Time Out Bangkok sits down for an exclusive chat with Phil Karsting, the administrator of the U.S. Foreign Agriculture Service, while he was in Bangkok, and finds out how U.S. food products have proliferated the world markets. On a more personal note, we learn about his gourmet lifestyle and favorite food.
What US agricultural produce do you like most?
You're going to make me choose? No way, my friend. That would take all day. There's so much to choose from!
US agricultural products are being exported to different parts of the world. Can you give me some examples of how these products blend/ incorporate into local food cultures?
Chef Benjamin and I made fantastic tom yam au gratin with U.S. East Coast scallops at The Dock restaurant at Gourmet Market. Tasted great, plus he let me use the kitchen torch to finish it off with a little fire.
You’ve been traveling around the world for years, visiting different countries. What is your favorite local food? Or what’s the one dish that has excited you the most?

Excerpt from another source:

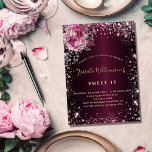 Convite Flórida glamourosa pida-de-bico-roxa-de-aniversári<br><div class="desc">Para um elegante aniversário de 16 anos (ou qualquer idade). Uma cor de fundo metálica de aparência falsa e burguenta. Decorados com poeira brilhante e flores,  cor-de-rosa. Personalize e adicione um nome,  idade e detalhes da festa. O nome é escrito com um script de estilo manuscrito</div>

It's hard to choose. Next week, at home, I'm going to experiment with Thai papaya salad, then fuse it with some traditional American ingredients— maybe seafood or dried cranberries.
What’s the most exotic food you’ve tried?
I'm an omnivore. I'll try just about anything as long as it's safe and prepared well. I've had great camels' milk with dates in the Algerian desert, springbok carpaccio in Johannesburg, Korean tacos from a truck in Madison, Wisconsin…
How do you unwind?
I exercise so I don't have to buy bigger clothes.
What’s the secret to the success of U.S. food products around the world?
Safety, quality, reliability and taste.
If you had to recommend a U.S. food product to Thai consumers, what would it be and why?
California table grapes, Washington apples and tree nuts from across the U.S. make great additions to traditional dishes. Plus they're easy to take to the office and share.